[Opening MATERIAL SUPPLIED section]

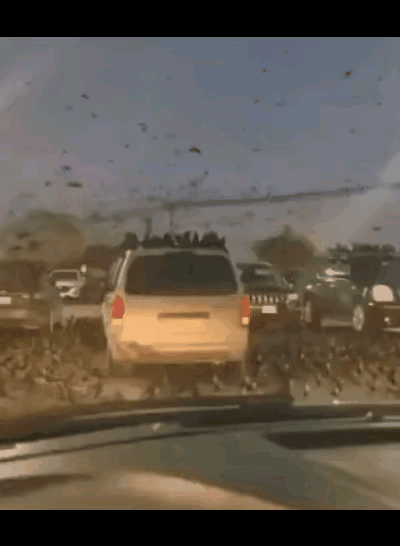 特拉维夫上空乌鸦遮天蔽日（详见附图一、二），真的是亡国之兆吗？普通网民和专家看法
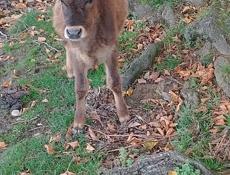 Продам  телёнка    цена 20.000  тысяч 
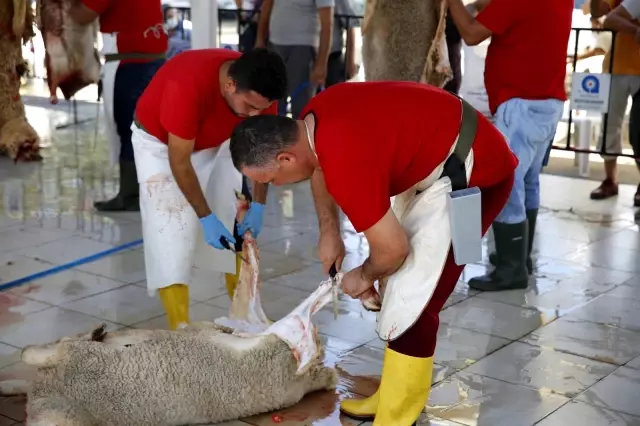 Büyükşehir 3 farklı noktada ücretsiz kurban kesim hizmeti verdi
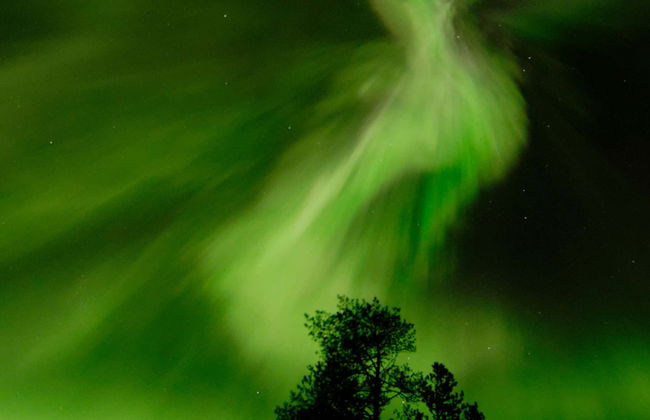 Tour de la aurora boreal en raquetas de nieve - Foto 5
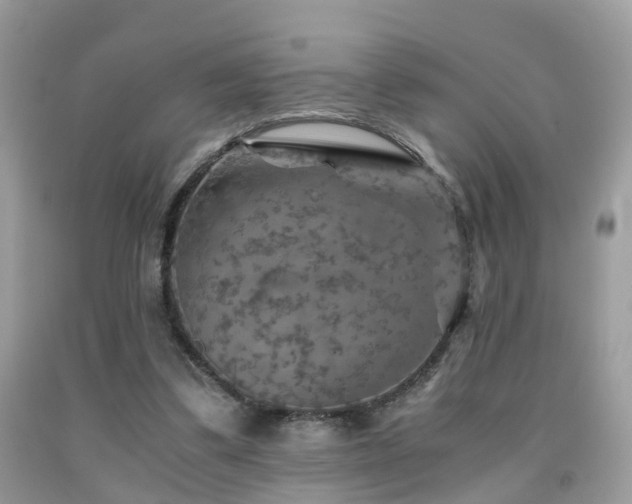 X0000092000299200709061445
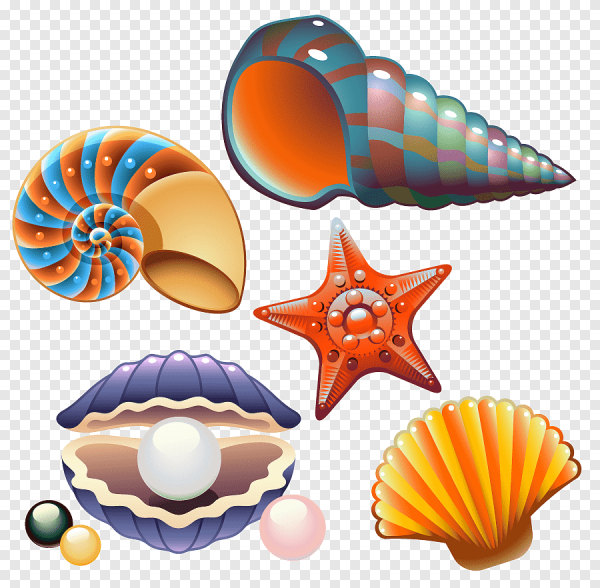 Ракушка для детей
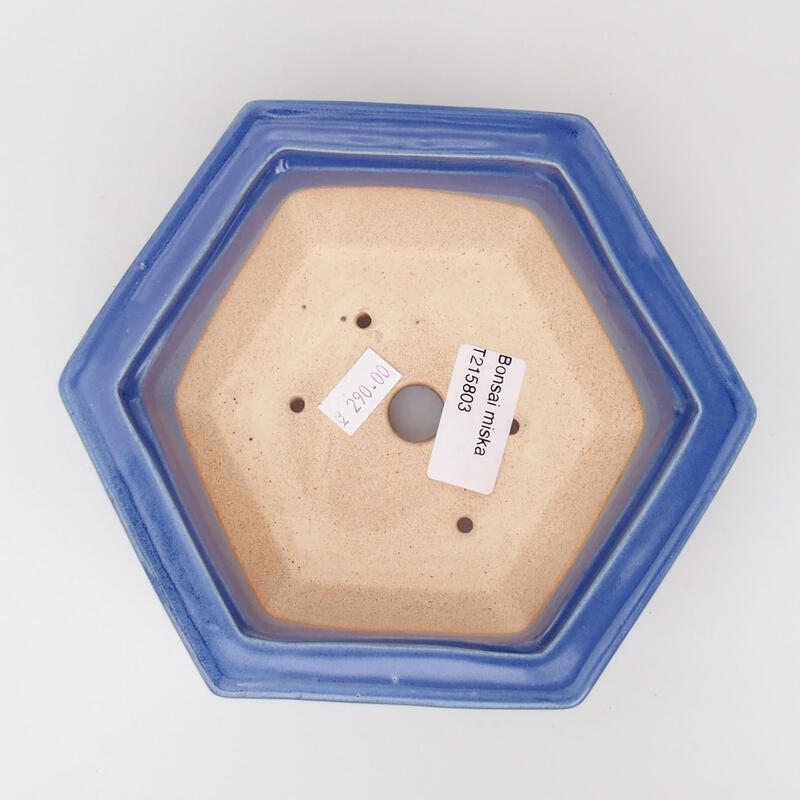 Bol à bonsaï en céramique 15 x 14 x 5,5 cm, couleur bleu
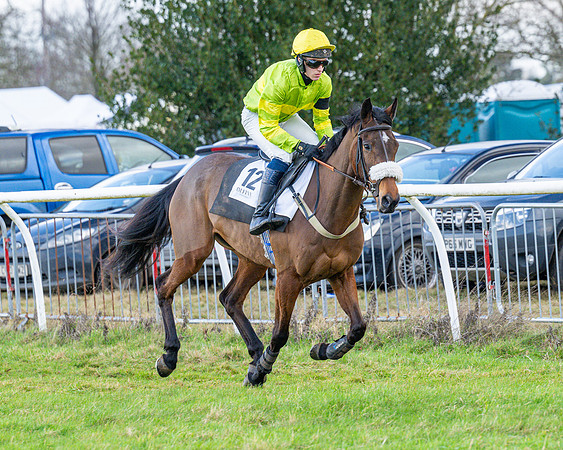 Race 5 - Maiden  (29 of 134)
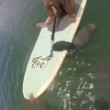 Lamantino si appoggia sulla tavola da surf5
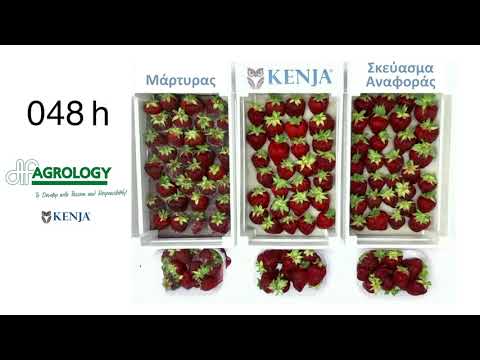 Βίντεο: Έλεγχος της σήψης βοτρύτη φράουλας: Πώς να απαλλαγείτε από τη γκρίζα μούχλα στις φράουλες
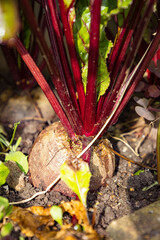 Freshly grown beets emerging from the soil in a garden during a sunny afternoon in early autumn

[Closing MATERIAL SUPPLIED section]
[Opening MATERIAL SUPPLIED section]

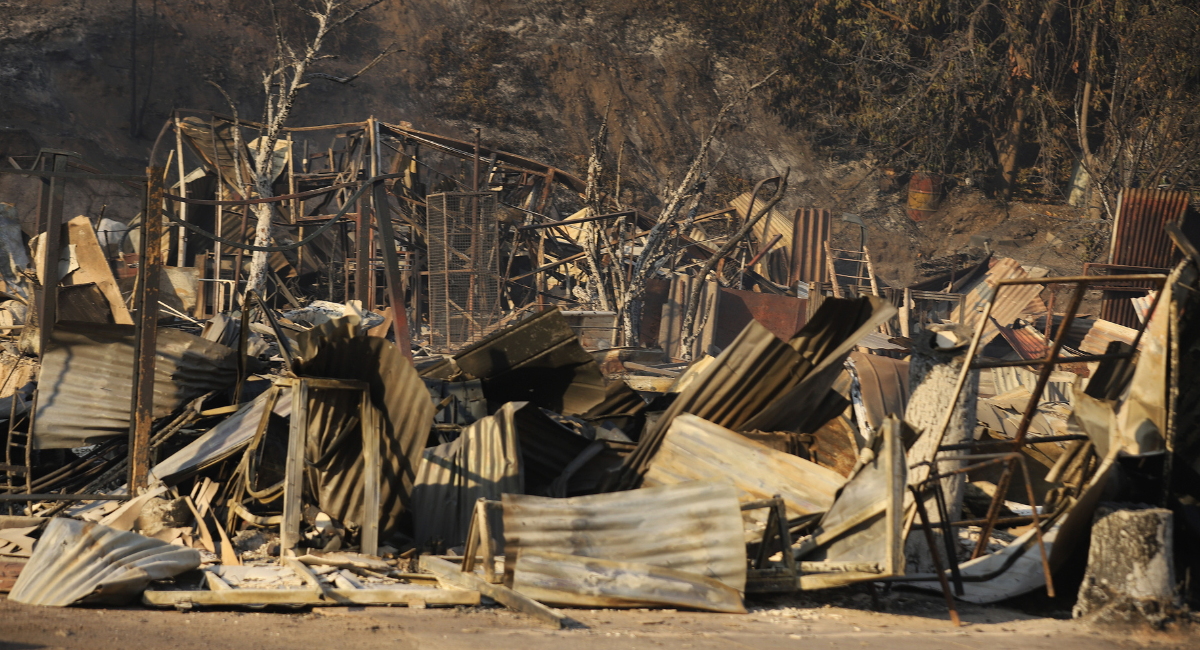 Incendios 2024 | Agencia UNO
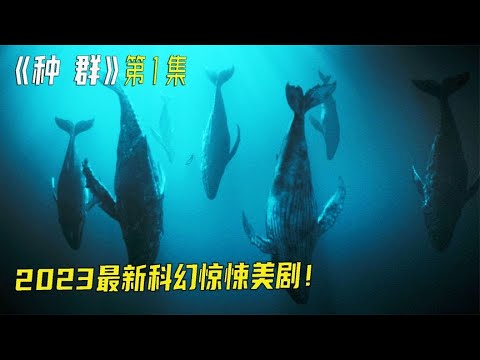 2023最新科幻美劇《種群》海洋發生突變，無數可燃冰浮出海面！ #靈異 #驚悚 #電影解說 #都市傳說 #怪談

[Closing MATERIAL SUPPLIED section]

# [TASK BRIEF]
Every line above from the one with "特拉维夫上空乌鸦遮天蔽日（详" down to the one with "Bol à bonsaï" must be written out exactly, and no picture may appear.

# [RESPONSE TO THIS TASK]
 特拉维夫上空乌鸦遮天蔽日（详见附图一、二），真的是亡国之兆吗？普通网民和专家看法
 Продам  телёнка    цена 20.000  тысяч 
 Büyükşehir 3 farklı noktada ücretsiz kurban kesim hizmeti verdi
 Tour de la aurora boreal en raquetas de nieve - Foto 5
 X0000092000299200709061445
 Ракушка для детей
 Bol à bonsaï en céramique 15 x 14 x 5,5 cm, couleur bleu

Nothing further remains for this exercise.